Organizations continue to invest in talent management process design and technology, only to deploy the technology and bury it on an intranet. Employees are used to business-to-consumer Web sites such as Amazon and Google that drive usability as their key attributes. What does usability mean in the context of talent management simplicity?

a. Zero- or one-click access to solutions.

b. Single sign-on.

c. Technology designed for the employee, not the administrator.

d. Always on.

e. Collaboration.

Keep these five attributes in mind to ensure you don't dilute the value of your talent management solution with a sloppy deployment of a link.

6. Launch and They Will Come?

The art of solution deployment combines elegant processes, easy-to-use technology and marketing. The marketing aspect of any deployment is usually forgotten and can sink the success of the simplest of solution launches.

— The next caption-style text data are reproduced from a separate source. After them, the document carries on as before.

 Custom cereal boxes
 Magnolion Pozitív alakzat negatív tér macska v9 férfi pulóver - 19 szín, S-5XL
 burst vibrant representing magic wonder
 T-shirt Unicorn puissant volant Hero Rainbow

Creating a solution in regard to talent management requires a give-take approach. This means you provide the employees and managers value while you take information from them in an interactive format to measure the health and wealth of your human capital. To get the organization to use technology without it feeling like "just another thing to do," consider these easy steps:


a. Always think about what's in it for them and include it in your messages.

b. Never think you can over-market.

c. Understand your audience and develop messaging specific to each audience type.

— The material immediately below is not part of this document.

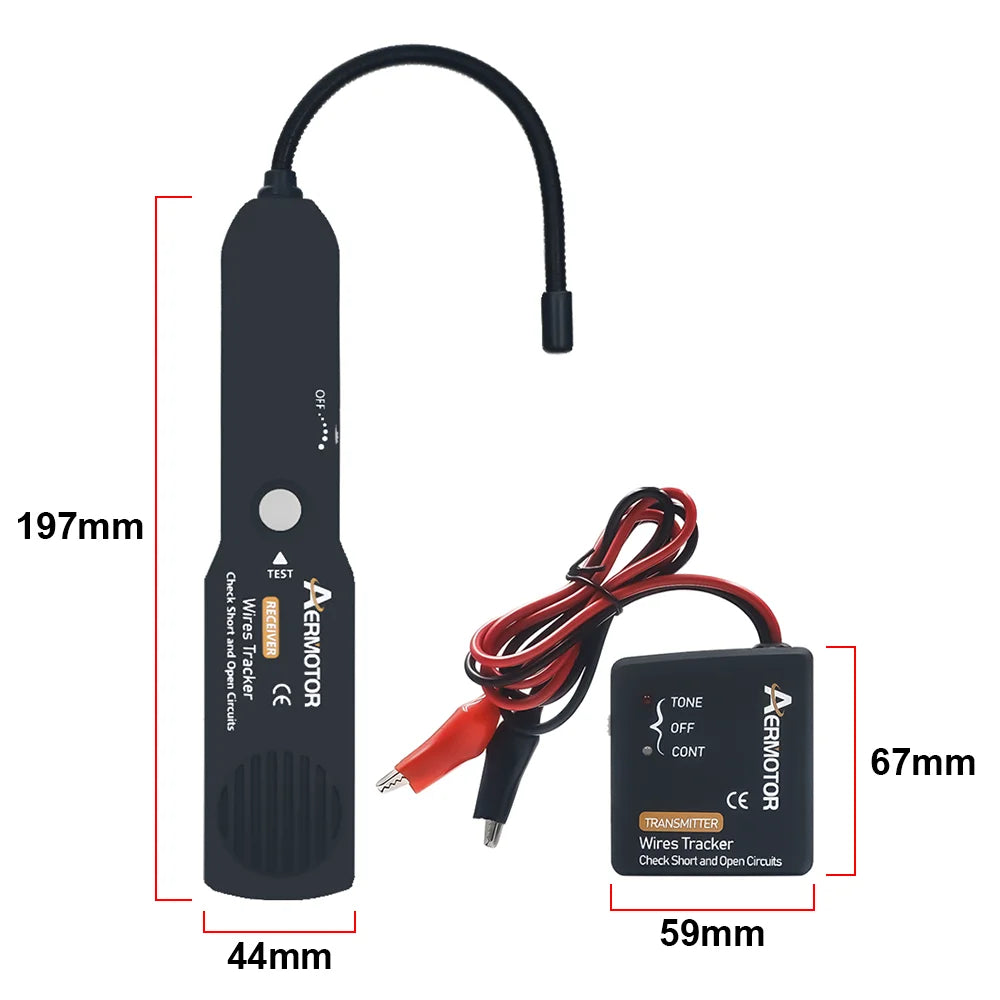 AER Automotive Short Cable Tracker Open Wire Finder Same As EM415PRO Find Car Short Circuit Wire Universal DC 6-42V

d. Start early and build excitement.

e. Measure impact and continue follow-up marketing.

f. Communicate results back to the organization.

Vendors also are beginning to understand the importance of simplicity. Many respond to low user-satisfaction ratings with a focus on improving the user experience. They're building innovation labs that focus on redefining the user interface, as well as the broader user experience. Vendors also can learn from Apple.

Watch people learn how to use an iPod. They do so as a child learns — by trial and error, not by reading a user manual or taking a class. The next paradigm shift in talent management technology will be a radical redefinition of user experience, one centered on the principles of simplicity.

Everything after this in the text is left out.